Common industry hazards
Common hazards that arise in the cleaning industry include; skin irritation, dermatitis, disfiguring burns, eye injury or blindness. These injuries and illnesses are either caused by a corrosive chemical product coming into contact with skin; through accidental splash-back or through poor hand care. By using personal protective equipment, employees can help to reduce these kinds of occupational accidents and help to keep the workplace safe.
Goggles are fundamental in helping to protect the eyes from accidental splash-back that could occur when mixing chemicals such as bleach. For goggles that offer high level chemical protection at an affordable price, Arco Acetate Clear Goggles are available. Not all goggles are chemical splash resistant however, so employers should double check that whatever eyewear is being used is fit for purpose. PVC splash proof aprons can also be worn to help protect the body and clothing.
Wearing disposable gloves will offer a good level of hand protection to employees who are regularly mixing and working with low strength chemicals. Gloves such as the Arco Household Grip Gloves have been specifically designed with cleaning professionals in mind and are designed to be lightweight, dextrous and durable for everyday use. The gloves are latex free and also have added grip on the inside helping to stop the gloves from moving around on the hand and causing friction.
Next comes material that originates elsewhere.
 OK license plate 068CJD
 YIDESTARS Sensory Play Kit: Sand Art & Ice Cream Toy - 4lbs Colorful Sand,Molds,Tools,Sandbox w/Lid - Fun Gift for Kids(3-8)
Unfortunately, whilst wearing gloves will protect the hands from chemical burns, regular use will play havoc with your skin. Heat becomes trapped within the glove which causes hands to sweat. Sweating and over-washing of hands will eventually inflame the skin and cause skin conditions such as occupational dermatitis. To help prevent conditions like this developing, it is essential that cleaning operatives practice good hand care and use protective skin creams regularly.
Arco has developed the Arco Three-Step Industrial Skincare System to help defend the skin from occupational skin disorders. The Pre-Work Cream protects the skin from contaminants, including chemicals, oils and greases, and also eases the cleansing process. The secondary stage is a gentle hand cleanser that works with the Pre-Work Cream to effectively remove contaminants that are present on the hands. The third step is the After Work Cream that restores skin that has been weakened by environmental and mechanical factors. The cream works by replacing moisture and lipids, supplementing the skin’s natural healing process.
Working with chemicals does not have to be dangerous. By understanding the regulations, taking the right preventative steps to minimise contact with damaging agents and adopting an appropriate skin safety regime, the risk of occupational illness and injury can be severely reduced. Through taking action today, employees, visitors and other personnel working in your business will undoubtedly have the best chance at going home safe at the end of the day.